Data:
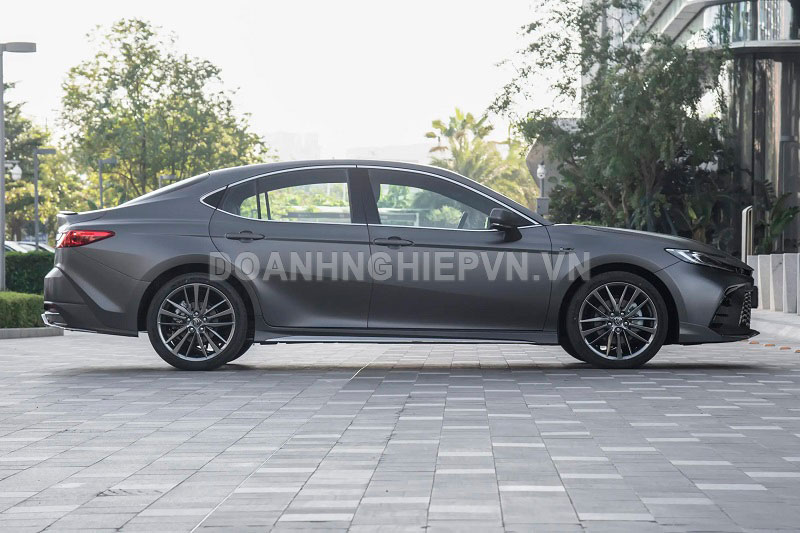 Toyota Camry phiên bản đặc biệt ra mắt: Thiết kế thể thao, động cơ hybrid giá hơn 660 triệu đồng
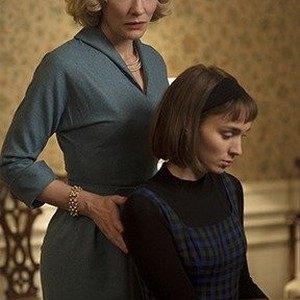 (L-R) Cate Blanchett as Carol Aired and Rooney Mara as Therese Believet in "Carol."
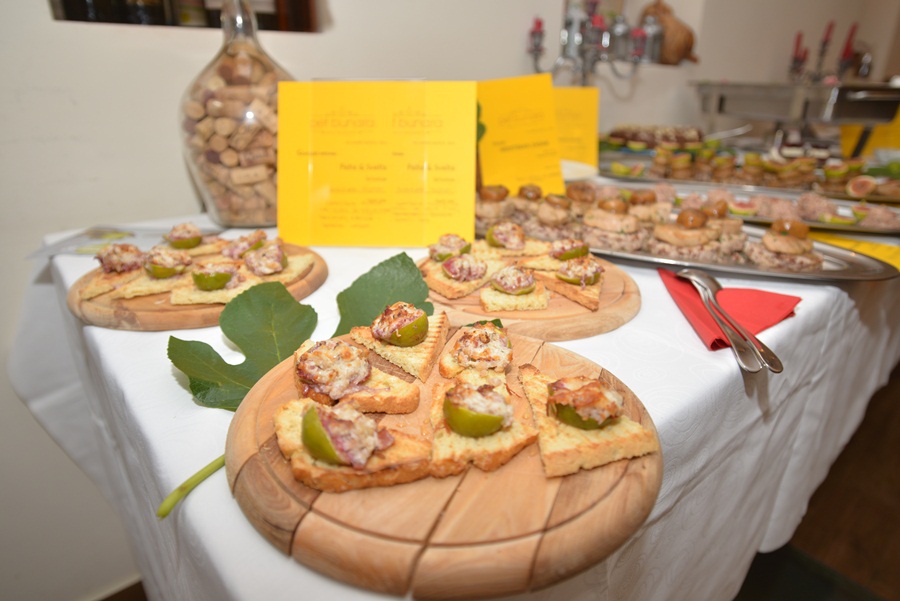 Gastro smokva: Degustacija u restoranu Pet bunara, foto:Iva Perinčić Gastro smokva: Degustacija u restoranu Pet bunara, foto:Iva Perinčić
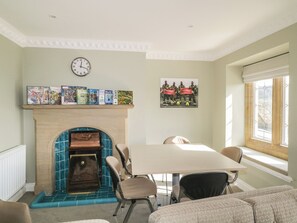 Dining - Harcombe Heights (Newton Abbot)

Work item:
All of the data must be repeated exactly, except for the pictures.

Worked solution:
 Toyota Camry phiên bản đặc biệt ra mắt: Thiết kế thể thao, động cơ hybrid giá hơn 660 triệu đồng
 (L-R) Cate Blanchett as Carol Aired and Rooney Mara as Therese Believet in "Carol."
 Gastro smokva: Degustacija u restoranu Pet bunara, foto:Iva Perinčić Gastro smokva: Degustacija u restoranu Pet bunara, foto:Iva Perinčić
 Dining - Harcombe Heights (Newton Abbot)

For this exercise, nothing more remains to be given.